- Opening Delimiter -

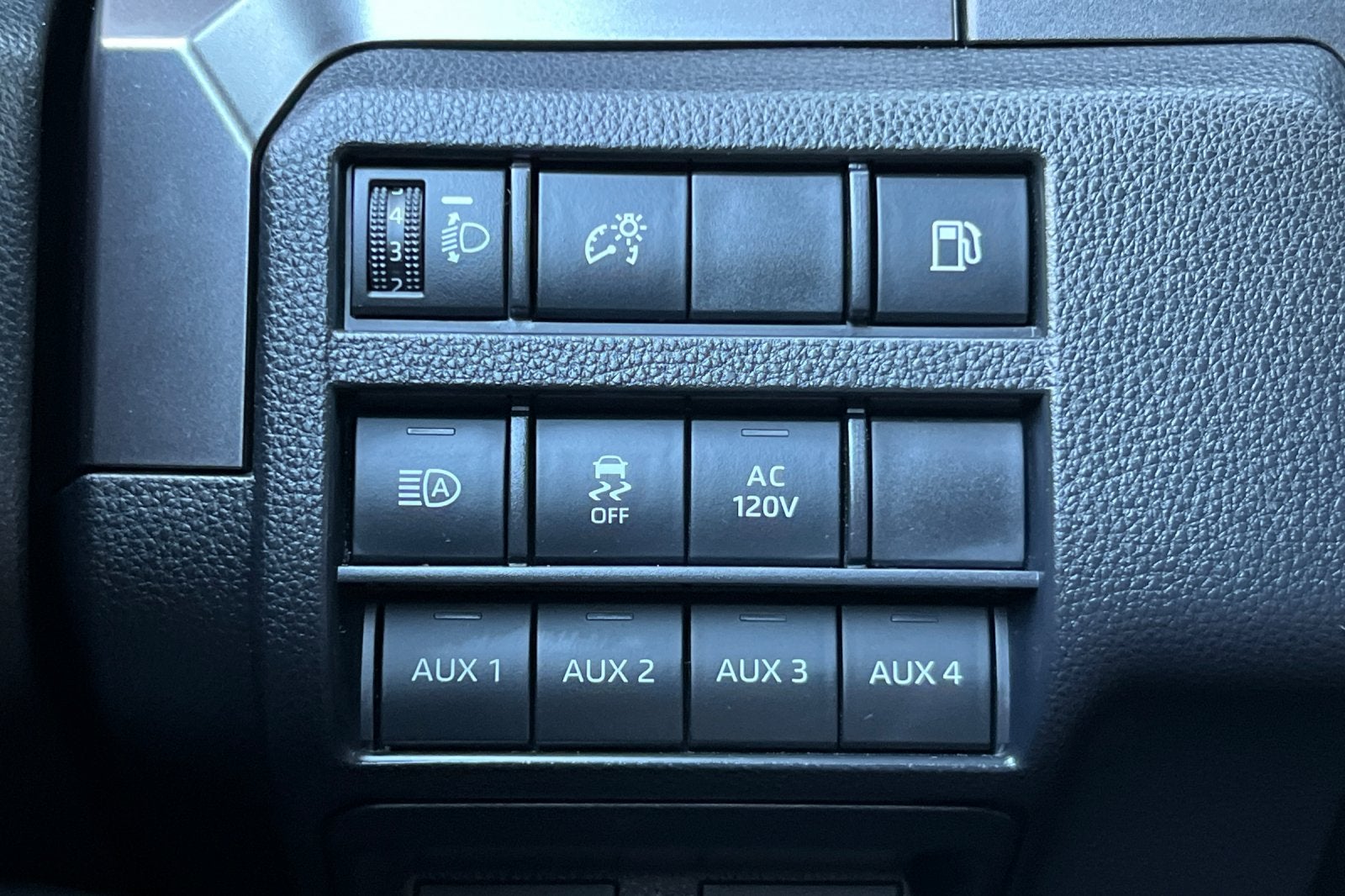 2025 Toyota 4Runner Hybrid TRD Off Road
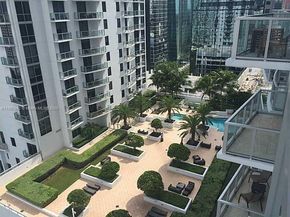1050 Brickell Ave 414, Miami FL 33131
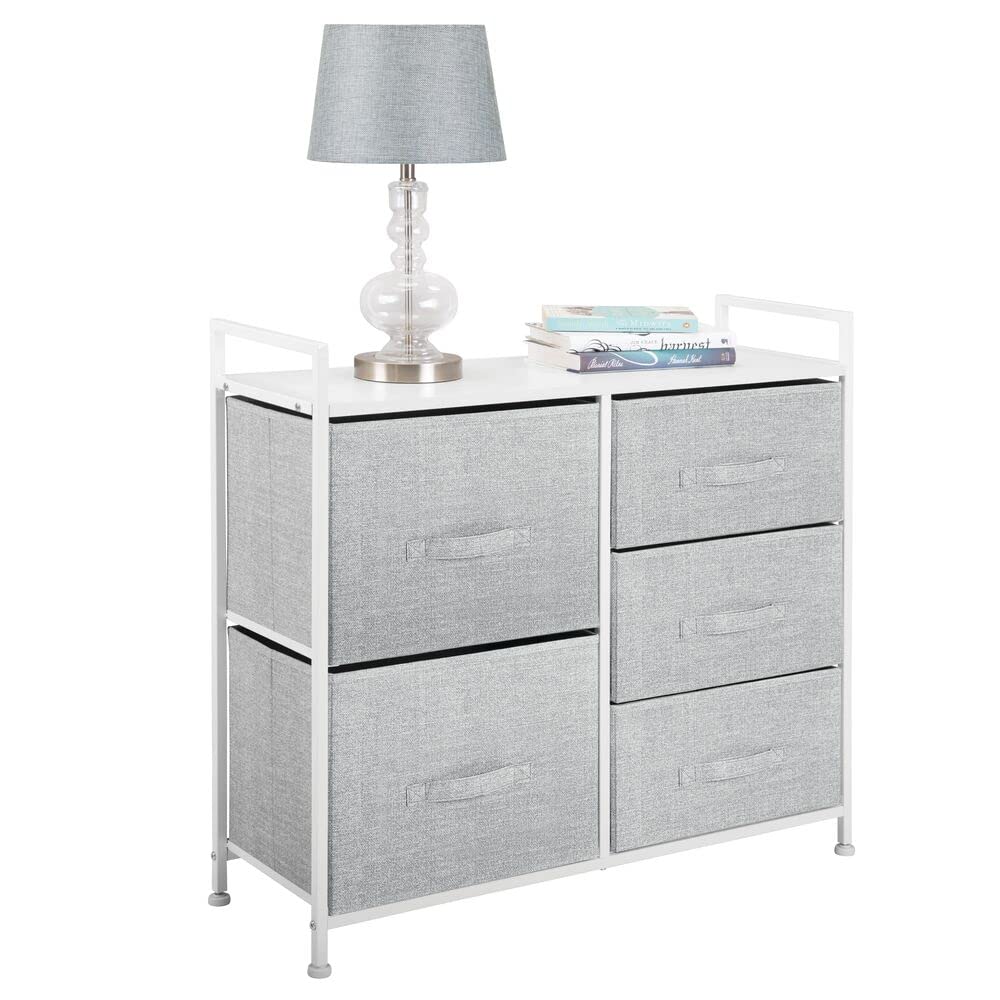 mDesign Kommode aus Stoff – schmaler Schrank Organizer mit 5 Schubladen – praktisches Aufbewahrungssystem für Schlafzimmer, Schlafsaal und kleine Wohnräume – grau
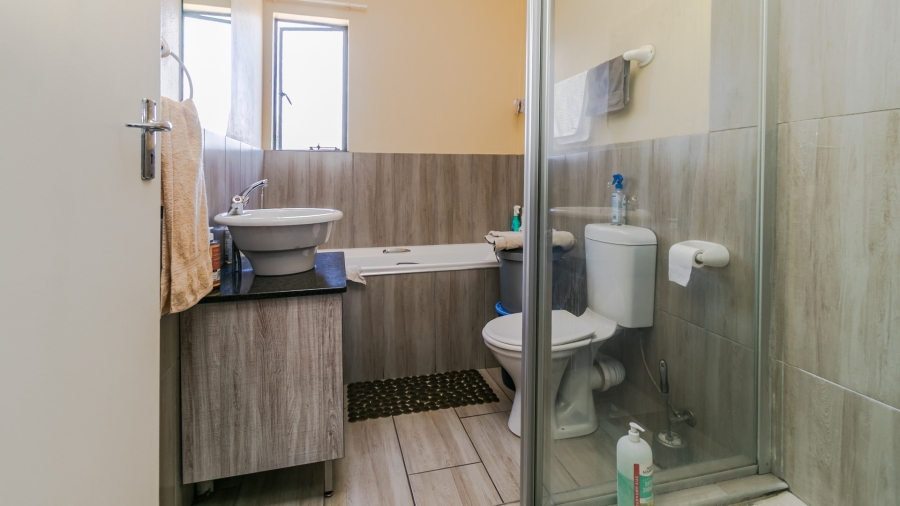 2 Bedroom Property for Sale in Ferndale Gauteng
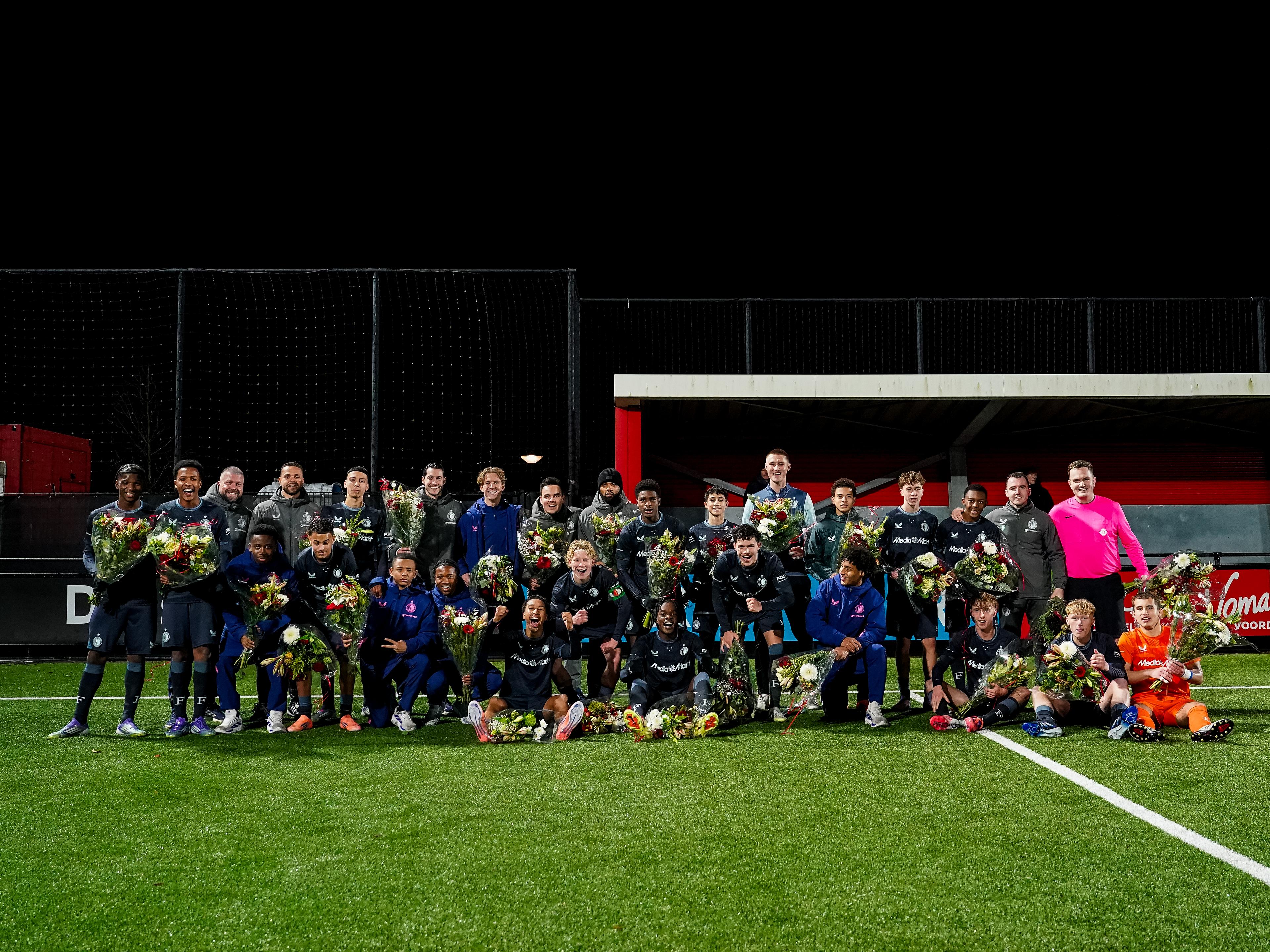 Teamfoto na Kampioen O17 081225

- Closing Delimiter -

WHAT IS REQUIRED: Print out the whole of the material word for word, without pictures.

RESULT:
 2025 Toyota 4Runner Hybrid TRD Off Road
1050 Brickell Ave 414, Miami FL 33131
 mDesign Kommode aus Stoff – schmaler Schrank Organizer mit 5 Schubladen – praktisches Aufbewahrungssystem für Schlafzimmer, Schlafsaal und kleine Wohnräume – grau
 2 Bedroom Property for Sale in Ferndale Gauteng
 Teamfoto na Kampioen O17 081225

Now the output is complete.